What to work on:
Your answer should hold exactly the lines below from the line with "Modern Elegant Script" through the line with "Personalised My First", both included, and no pictures at all.

Dataset content:

.....

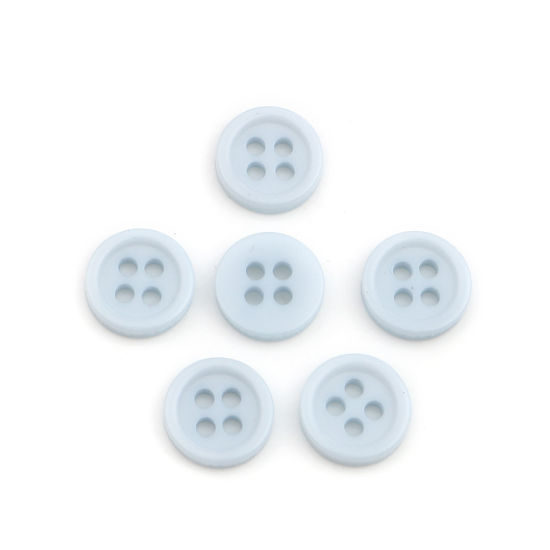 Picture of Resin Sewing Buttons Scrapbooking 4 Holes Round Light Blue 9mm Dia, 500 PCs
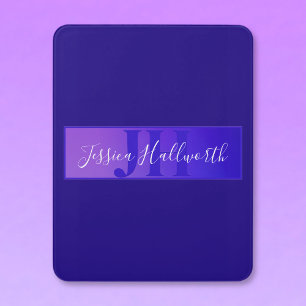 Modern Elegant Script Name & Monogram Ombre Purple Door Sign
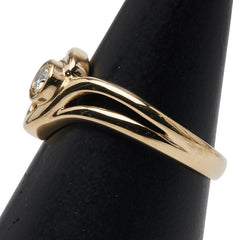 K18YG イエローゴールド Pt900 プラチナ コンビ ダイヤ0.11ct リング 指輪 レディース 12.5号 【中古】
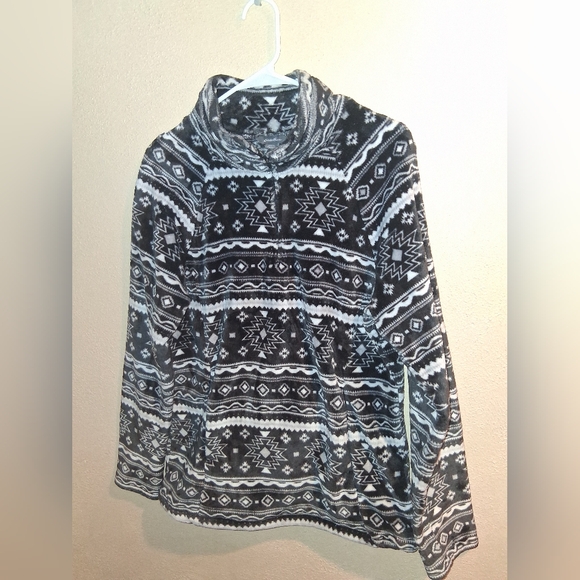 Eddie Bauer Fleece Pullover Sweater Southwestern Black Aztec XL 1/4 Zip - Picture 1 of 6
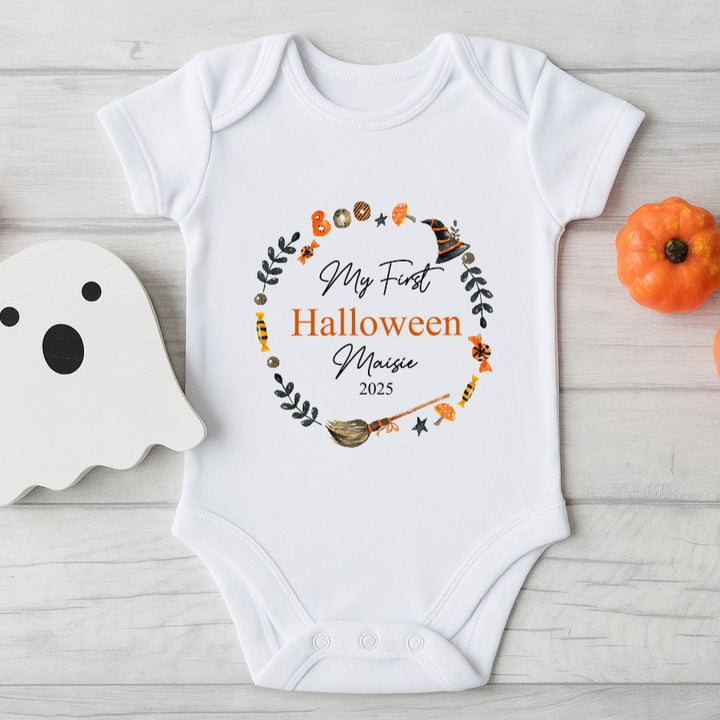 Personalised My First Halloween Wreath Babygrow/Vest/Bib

.....

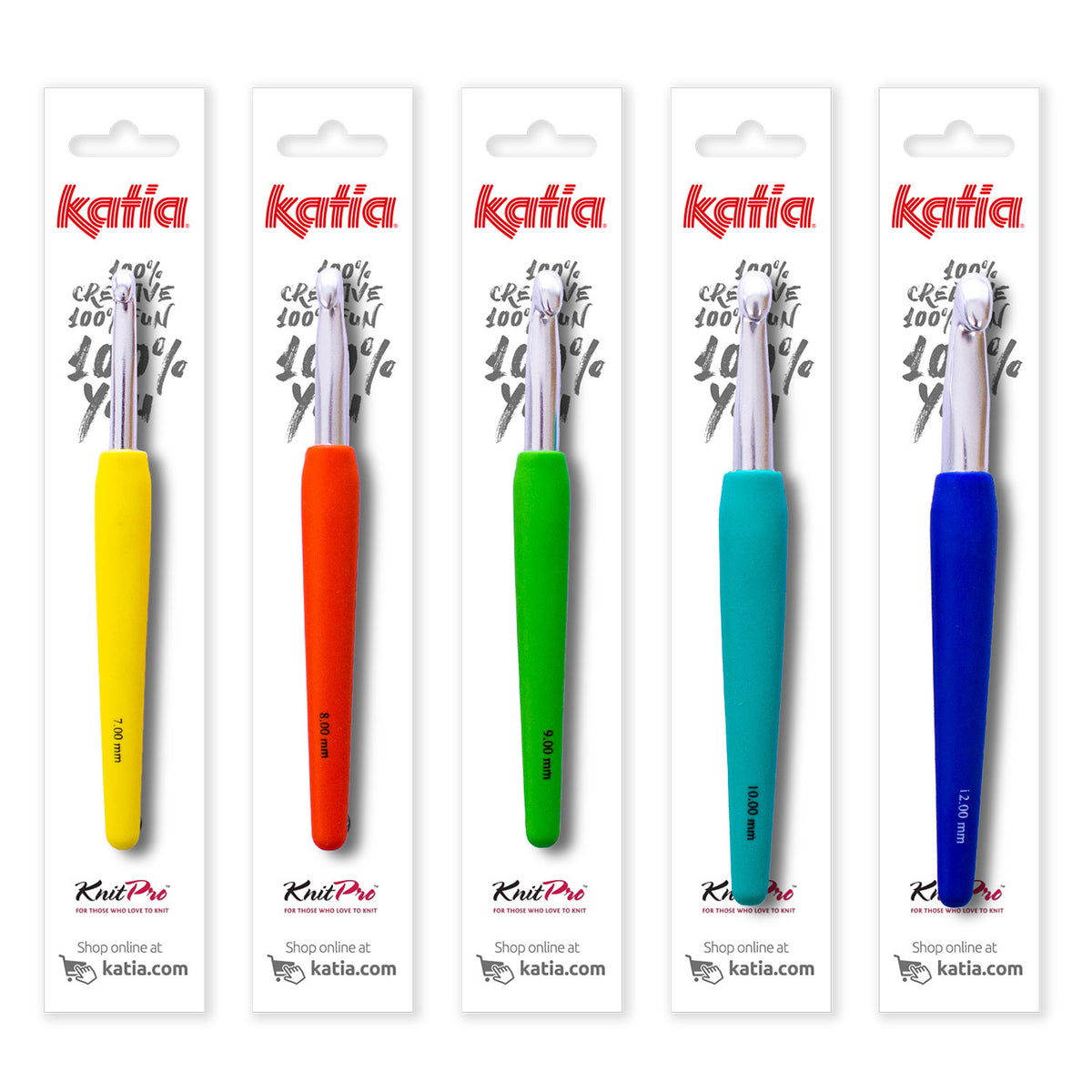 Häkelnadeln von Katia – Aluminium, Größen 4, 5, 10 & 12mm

.....

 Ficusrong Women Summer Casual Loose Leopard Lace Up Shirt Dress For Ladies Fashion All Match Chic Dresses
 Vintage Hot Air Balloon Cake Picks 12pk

.....

Written answer:
 Modern Elegant Script Name & Monogram Ombre Purple Door Sign
 K18YG イエローゴールド Pt900 プラチナ コンビ ダイヤ0.11ct リング 指輪 レディース 12.5号 【中古】
 Eddie Bauer Fleece Pullover Sweater Southwestern Black Aztec XL 1/4 Zip - Picture 1 of 6
 Personalised My First Halloween Wreath Babygrow/Vest/Bib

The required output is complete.